Florida's unemployment insurance program — administered by the Department of Economic Opportunity through its CONNECT system — follows the same federal framework as every other state but applies its own rules for eligibility, disqualification, and benefit amounts. Understanding what can disqualify a claim starts with understanding what Florida's program is designed to cover in the first place.
Florida Reemployment Assistance (the state's official name for unemployment insurance) is funded by employer payroll taxes. It's meant to provide temporary income support to workers who lose their jobs through no fault of their own and who remain able and available to work. That phrase — "through no fault of their own" — is where most disqualifications begin.
Leaving a job voluntarily is one of the most straightforward paths to disqualification in Florida. If you quit, the presumption is that you chose to leave — and Florida law places the burden on the claimant to show the quit was for good cause attributable to the employer.

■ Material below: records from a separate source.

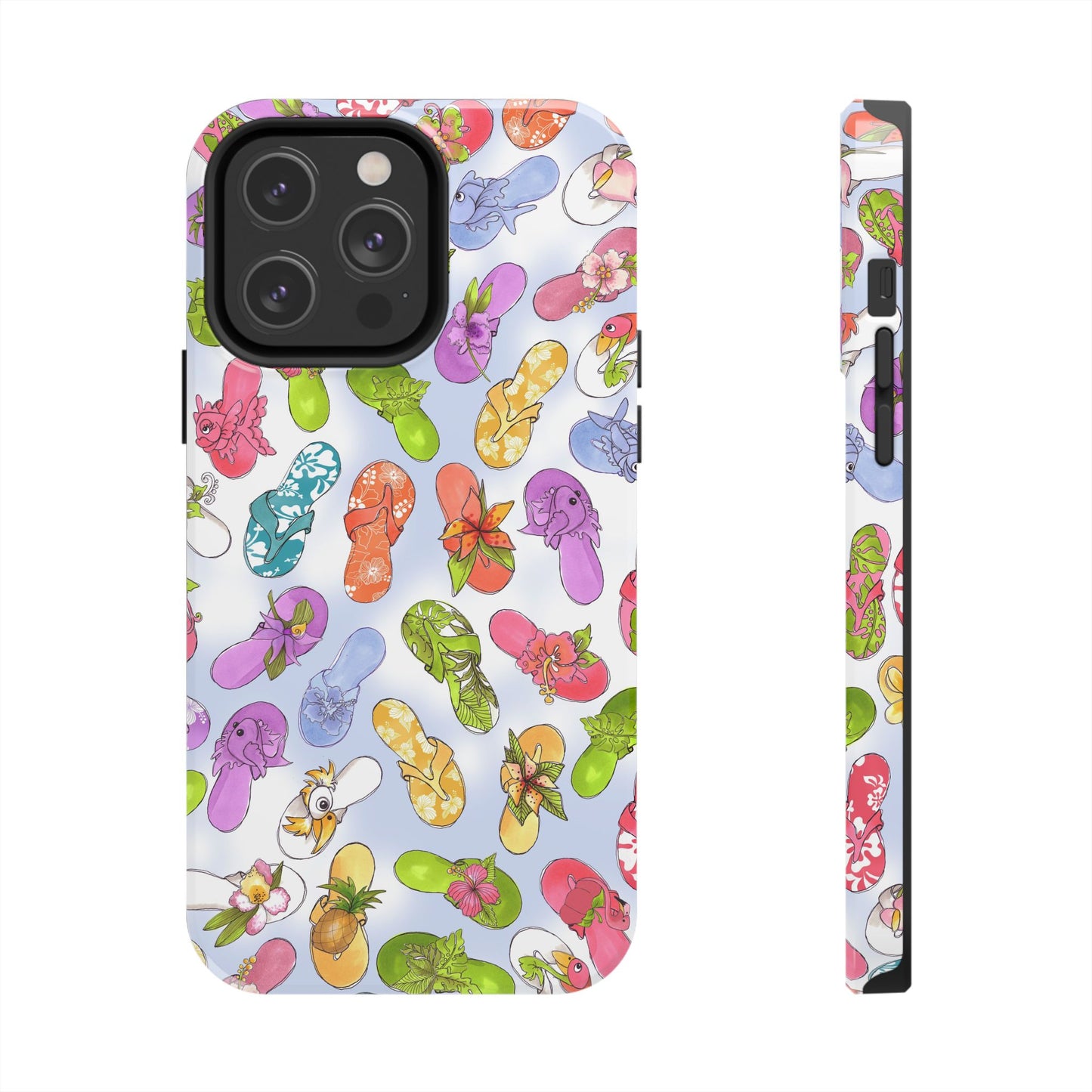 Fun Flops Blue Sky Phone Case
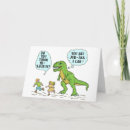 Search for funny t cards Tyrannosaurus rex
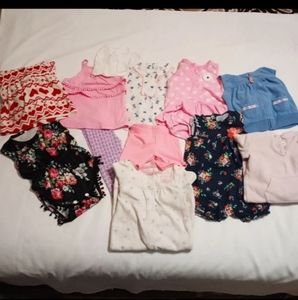 9 month baby girl bundle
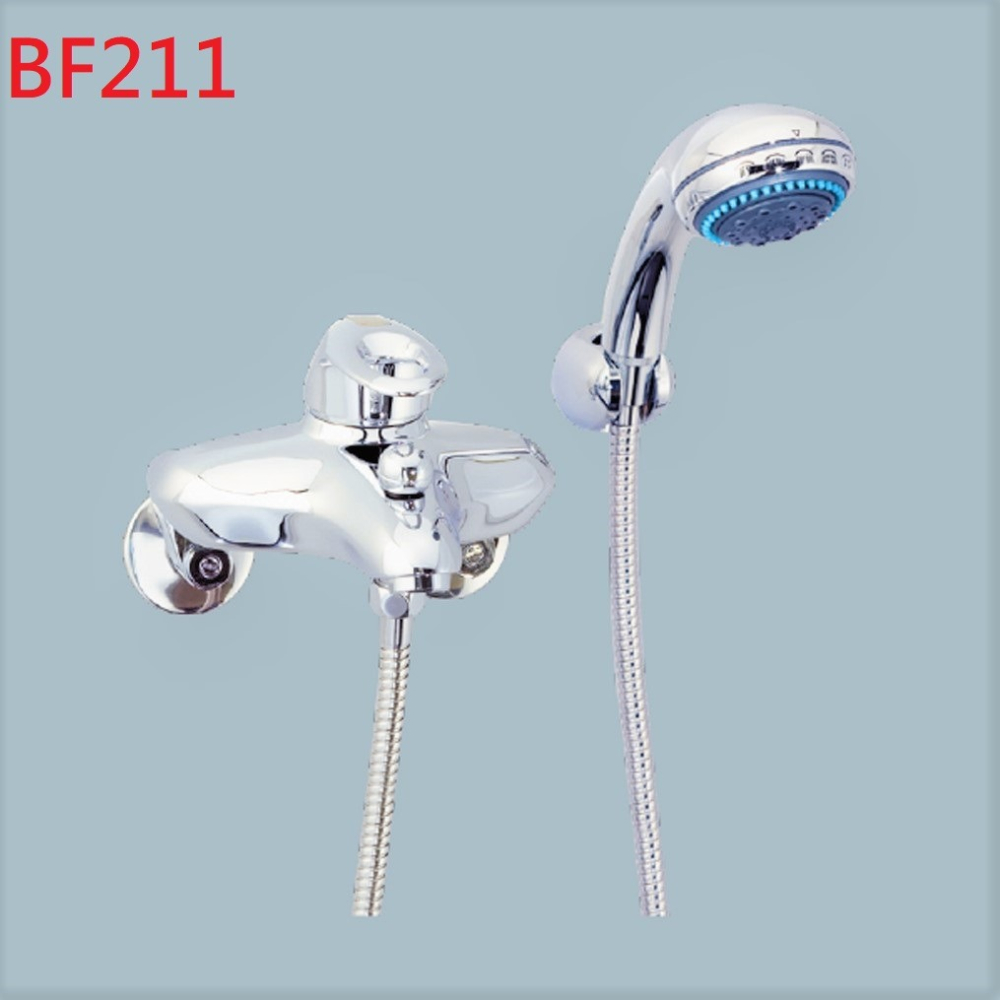 HCG和成水龍頭分水閥組,水龍頭和蓮蓬頭切換零件(含導環和拉柄),適用型號:BF211,BF503-細節圖2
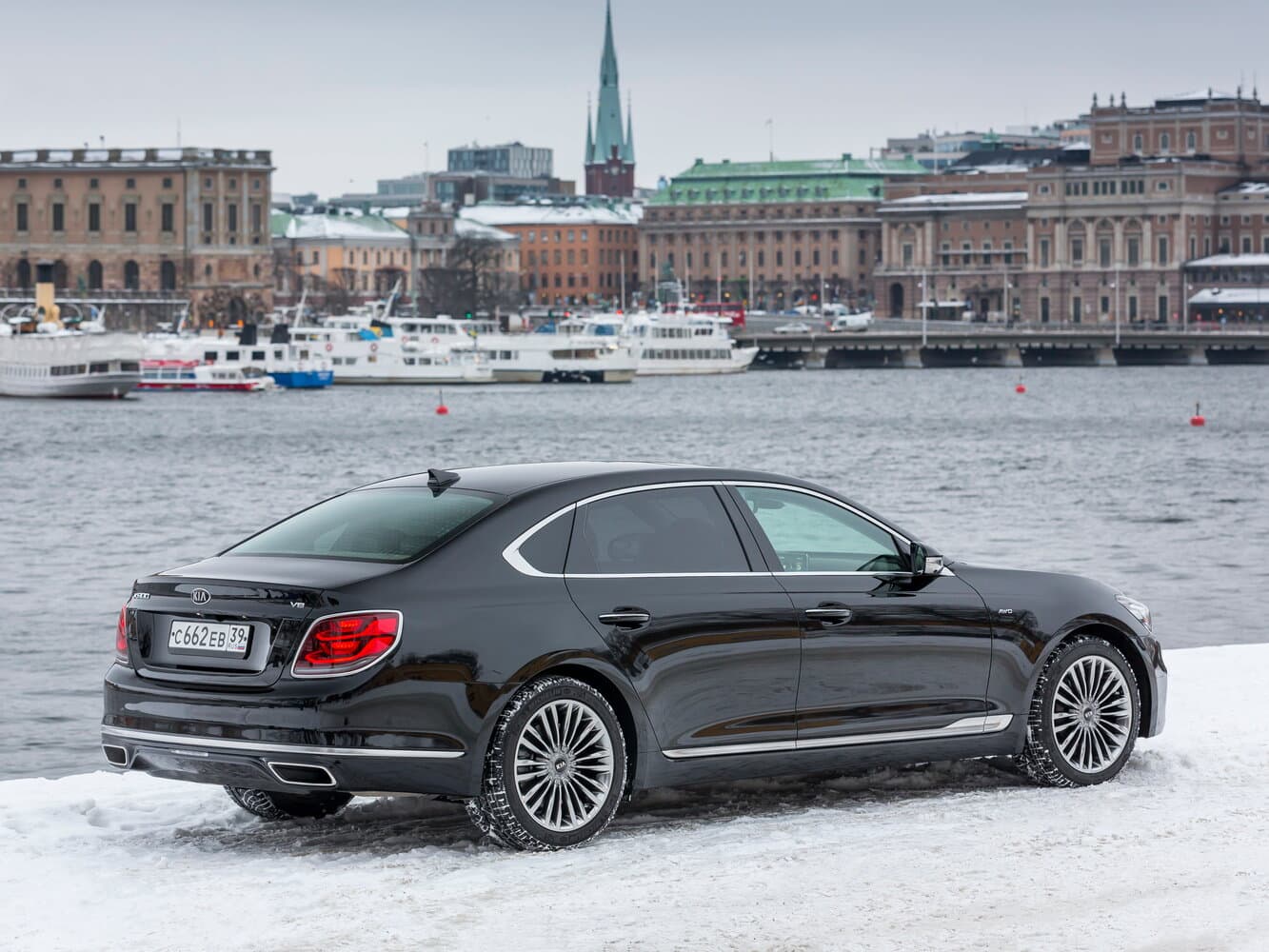 Kia K900 II Седан, фото 5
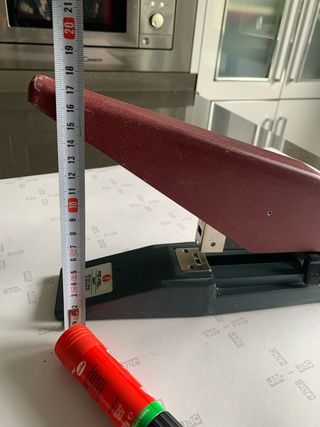 Grapadora de gruesos REXEL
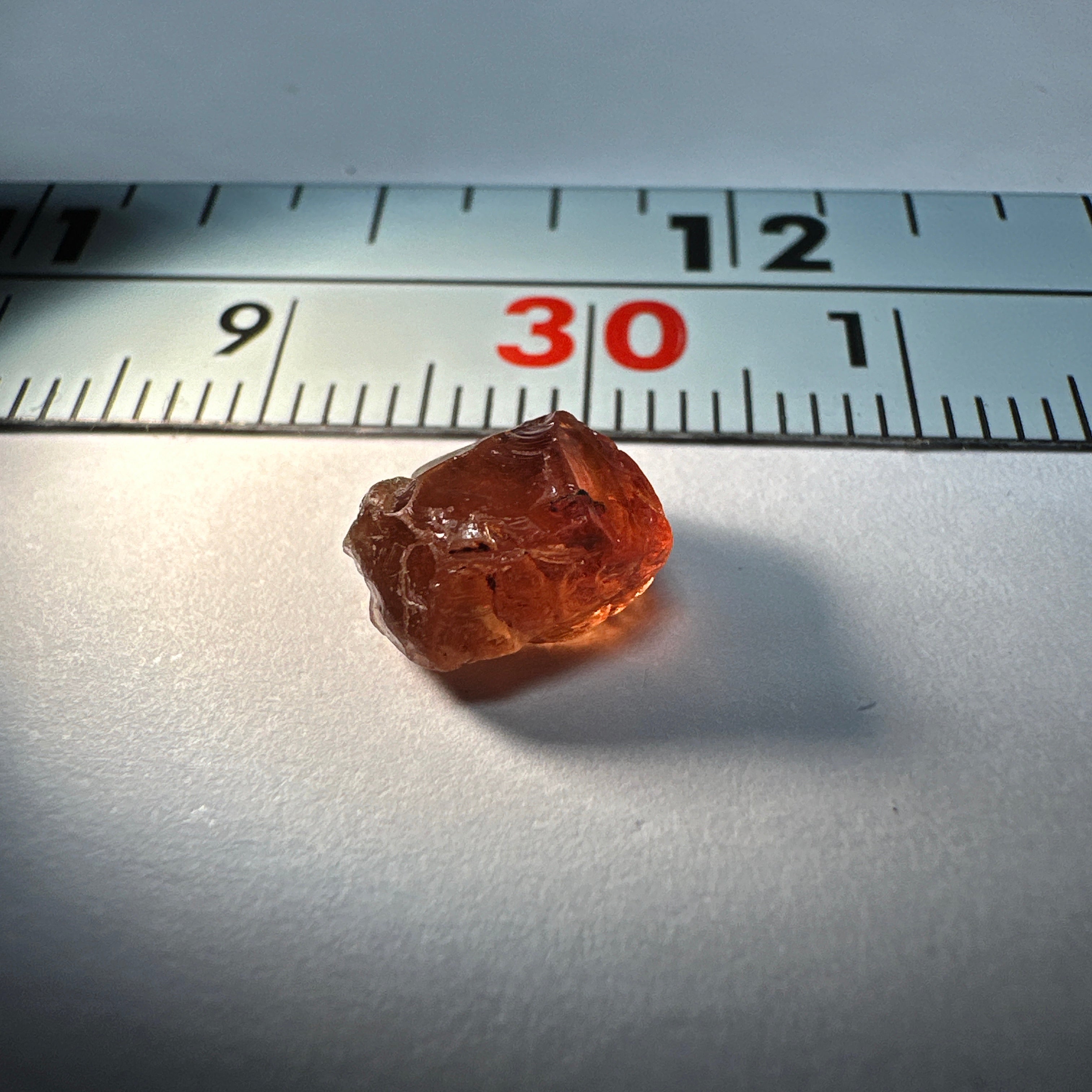 2.68ct Colour Change Garnet, Tanzania, Untreated Unheated, slightly silky and a small inclusion coming in on the outside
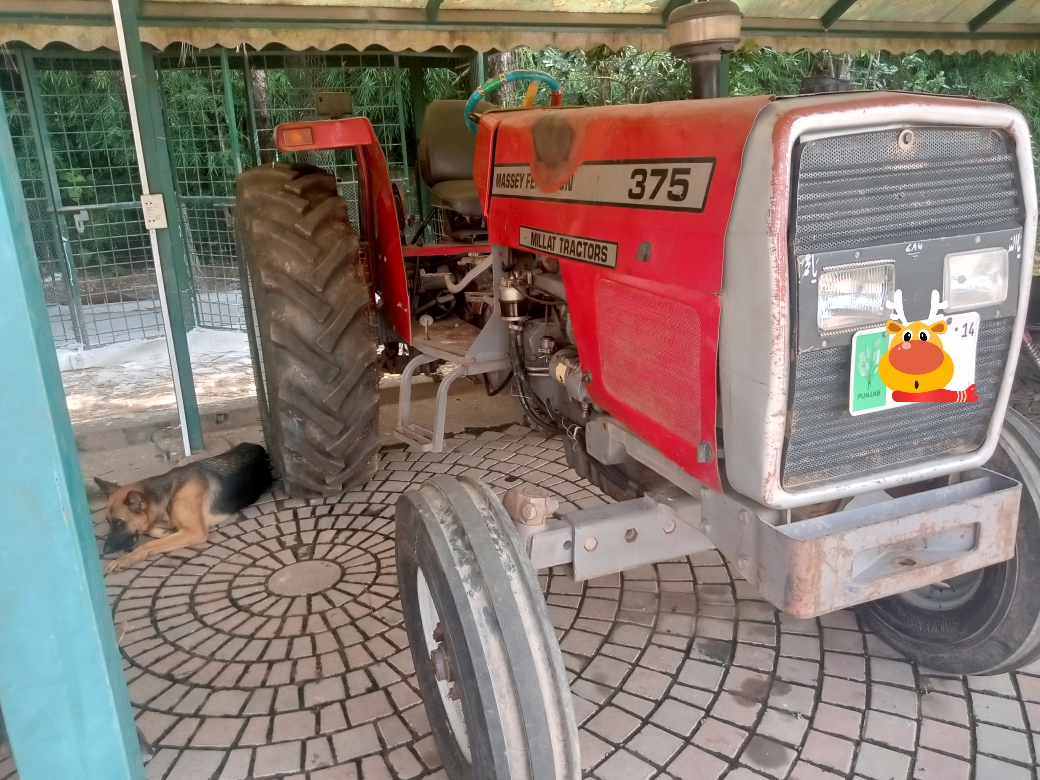Tractor 375 Model 2014 for sale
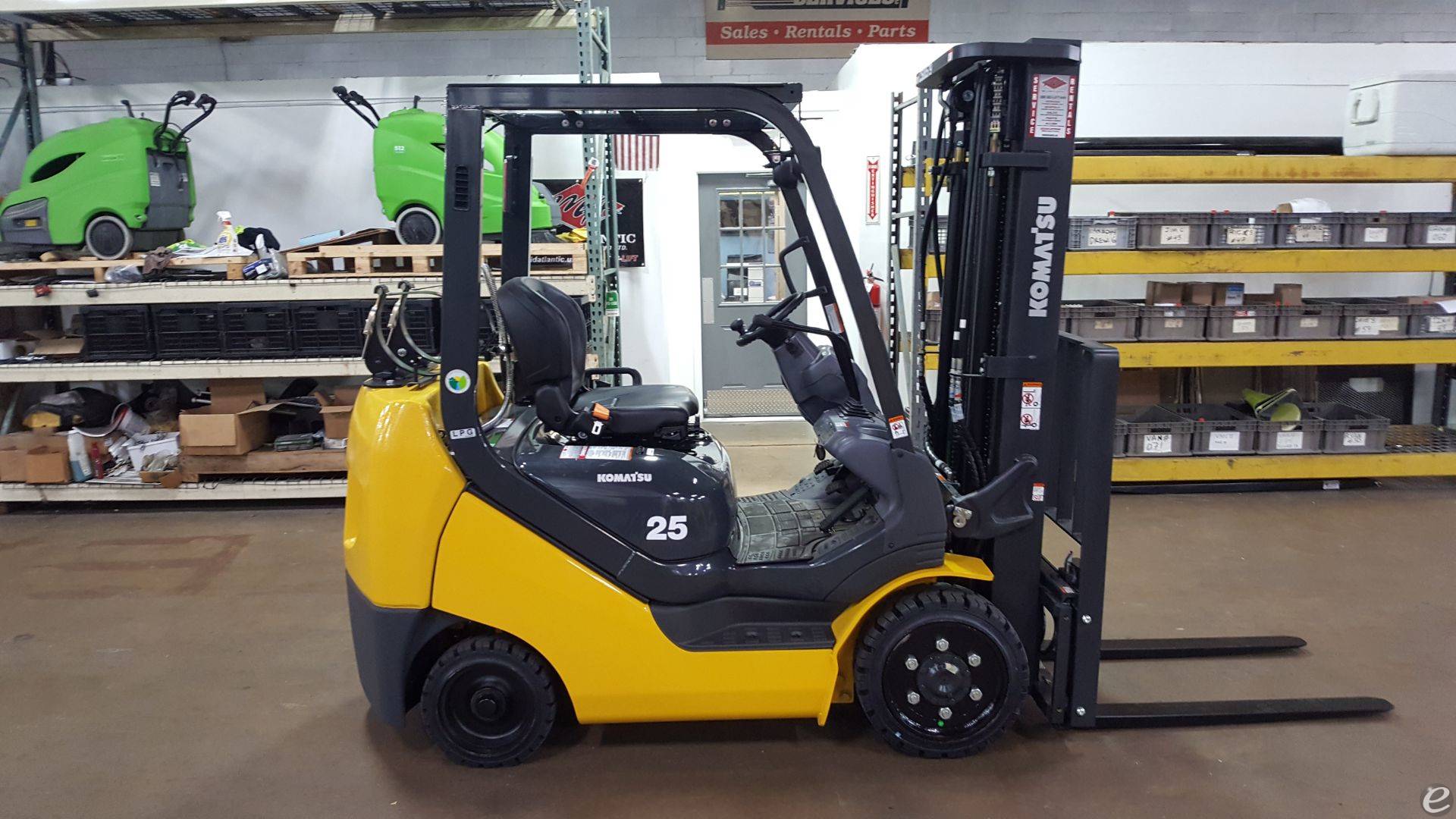 2019 Komatsu FG25ST-16 LP Gas Forkl...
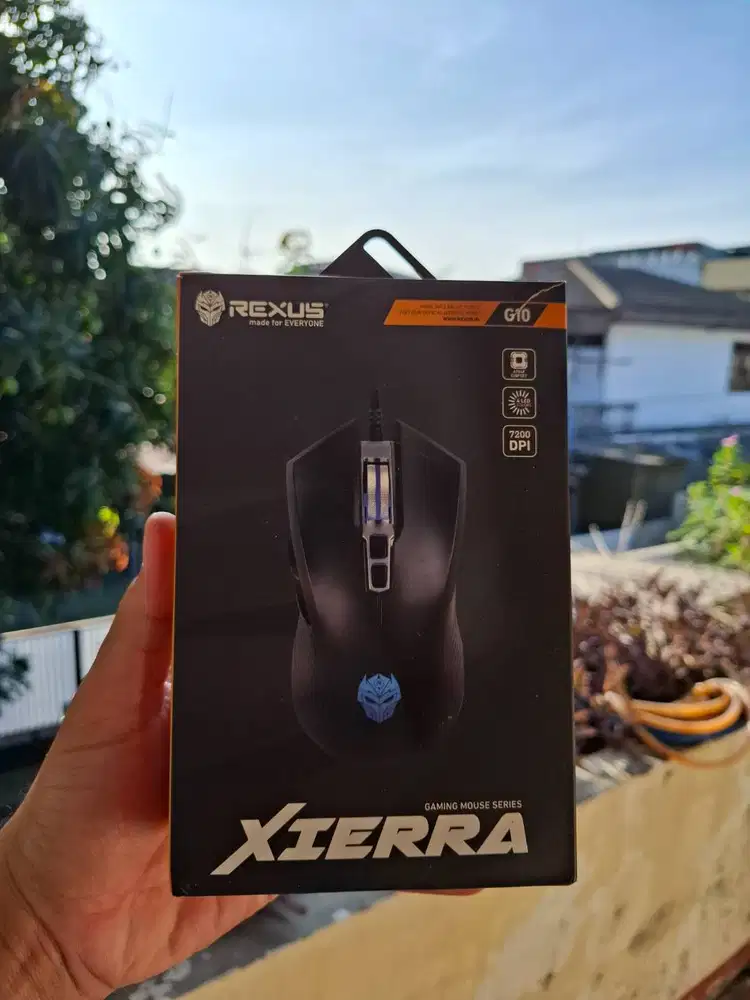 Mouse Rexus Xierra G10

Good cause typically means the employer created working conditions so unreasonable that a reasonable person would have had no choice but to leave. Examples that may meet that threshold include significant cuts to pay or hours, documented unsafe working conditions, or harassment that the employer failed to address after being notified. Personal reasons — relocating for a spouse's job, returning to school, general dissatisfaction — typically do not meet the standard.
Being fired doesn't automatically disqualify a claim in Florida. What matters is why you were fired.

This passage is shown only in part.